I can see it now - each lock would be connected to the hotel's wpa-wps network (shared with the guests of course) and use a dhcp server without static routes to assign IP addresses. Maybe if we're really lucky they'll be using some consumer-grade cisco switch with last year's firmware update.
Snark aside, they have to be _really_ careful not to fuck this up. There's so many potential attack vectors in this kind of system it's nuts.
Hold out your keycard and ask for a duplicate. Do they take your card and swipe it? No. They ask for your room number, type it into the magstripe machine, and print you a key for whatever room number you just gave.
No electronics, skill, or even malicious intent necessary (you just "forgot" your actual room number). Look and act like you belong, and make a run-of-the-mill request. Discovered this by accident when I was ~12 and wanted to go to the pool by myself. Never actually tried to get a card for another room, but never had the desk actually verify my rights to the room when requesting an extra keycard either.
Wouldn't it be way easier to sneak in when a maid isn't looking or social engineer the front desk into giving you a key to a room? And once you do, you're on camera anyway.
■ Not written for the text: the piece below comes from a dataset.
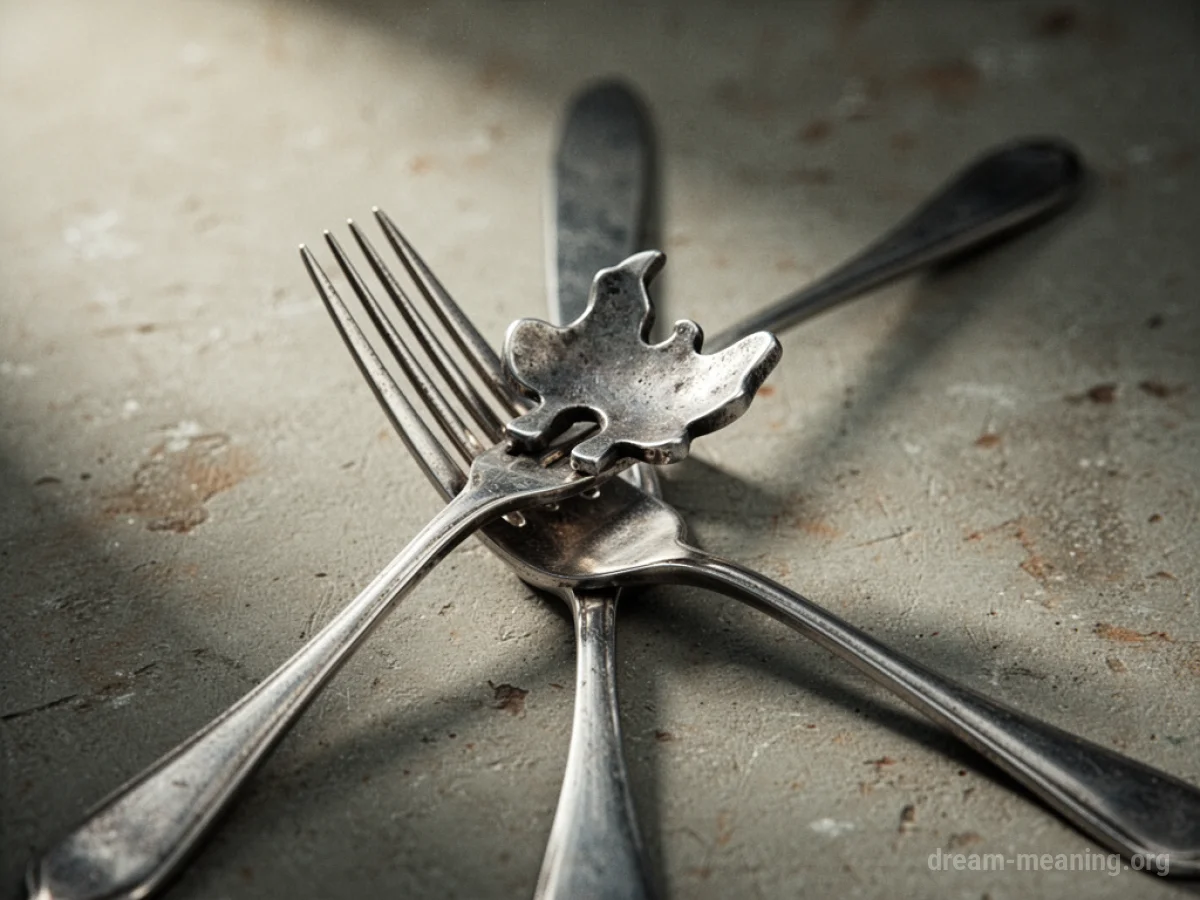 A metallic fork with a piece of metal on it.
It's just like most houses.. Sure they have locks, but it's usually trivial to break a back window to get in. It's morals and jail that keep people out... Not the front lock.
http://www.extremetech.com/computing/133448-black-hat-hacker...
I assume the next step would be for them to deploy a phone app which emulated the NFC tag.
[1] https://addons.mozilla.org/en-US/firefox/addon/refcontrol/
Now if you could use the smartphone to do both, You might be able to choose the room to have keys to, even if that room was not yours.
Ok, more serious. I like the idea of this. I have several AirBnB properties, and this could make my life a lot easier. Though at the same time my Girlfriend always finishes the night with her iPhone completely dead, so it could also make things a lot more complicated.
All in all I like the convenience, and fear the security.